Martin Liška <marxin at gcc dot gnu.org> changed:

           What    |Removed                     |Added
----------------------------------------------------------------------------
             Status|UNCONFIRMED                 |RESOLVED
                 CC|                            |marxin at gcc dot gnu.org
         Resolution|---                         |INVALID

--- Comment #2 from Martin Liška <marxin at gcc dot gnu.org> ---
> The only difference is "-flto".

Having a top-level assembly requires to disable LTO for the compilation unit
(-fno-lto). Otherwise
as Andrew mentioned it can screw up LTO partitioning.

> 
> It this a problem of LTO, or is the assembler supposed to be tweaked (how?)
> so that the symbols get exported?
> 
> Having a file containing
>   asm ("");
> does compile, but a file containing only:
>   asm volatile ("");
> fails with "error: expected ‘(’ before ‘volatile’".
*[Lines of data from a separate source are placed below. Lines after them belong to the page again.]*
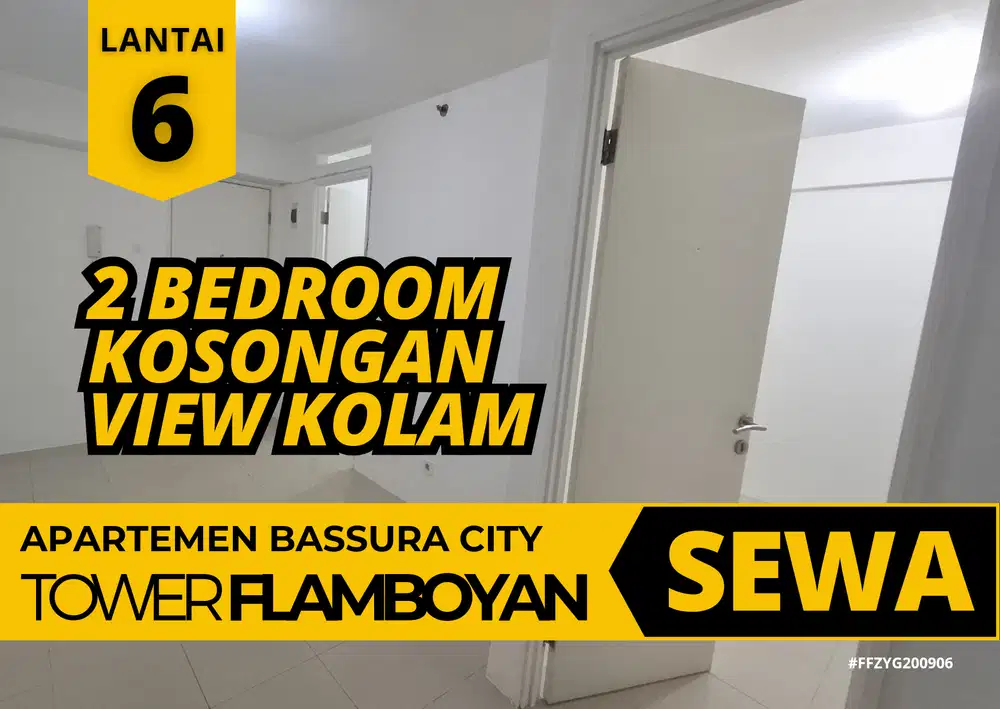 Sewa 2 Kamar Paling Dicari Lantai 6 Tower F Di Apartemen Bassura City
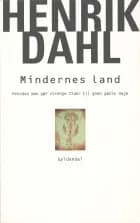 Mindernes land af Henrik Dahl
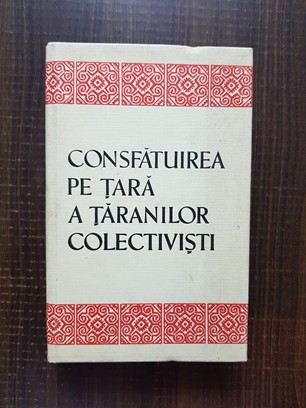 CONSFATUIREA PE TARA A TARANILOR COLECTIVISTI, 18-22 DECEMBRIE 1961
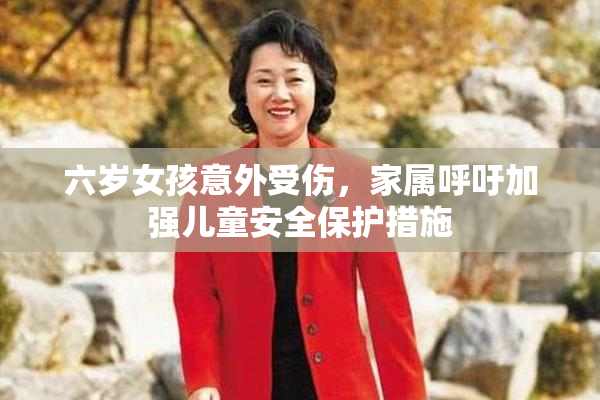 六岁女孩意外受伤，家属呼吁加强儿童安全保护措施
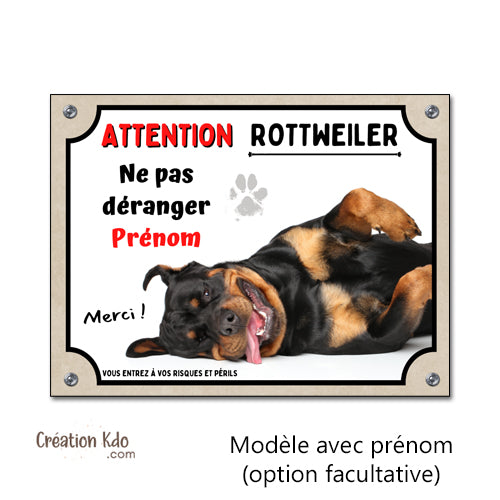 Plaque Attention Rottweiler ne pas déranger mon chien Panneau portail
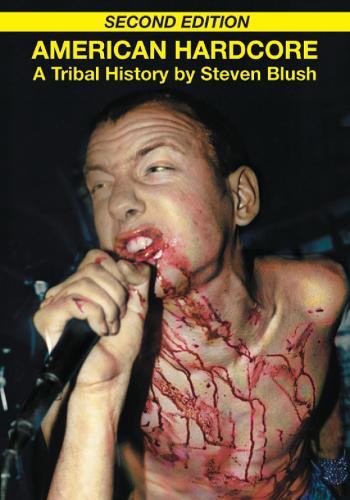Steven Blush American Hardcore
asm volatile can be used just within in a function body.
The best approach you can do is to define a normal function
and use asm to implement what you have written in assembly:

...
"        movq   %rax,   0(%rdi)"   "\n"
"        movq   %rbx,   8(%rdi)"   "\n"
"        movq   %rcx,  16(%rdi)"   "\n"
...

Then LTO will work because the assembly will be encapsulated in a function.

> 
> Happens with gcc 8.0.1 20180306 (experimental).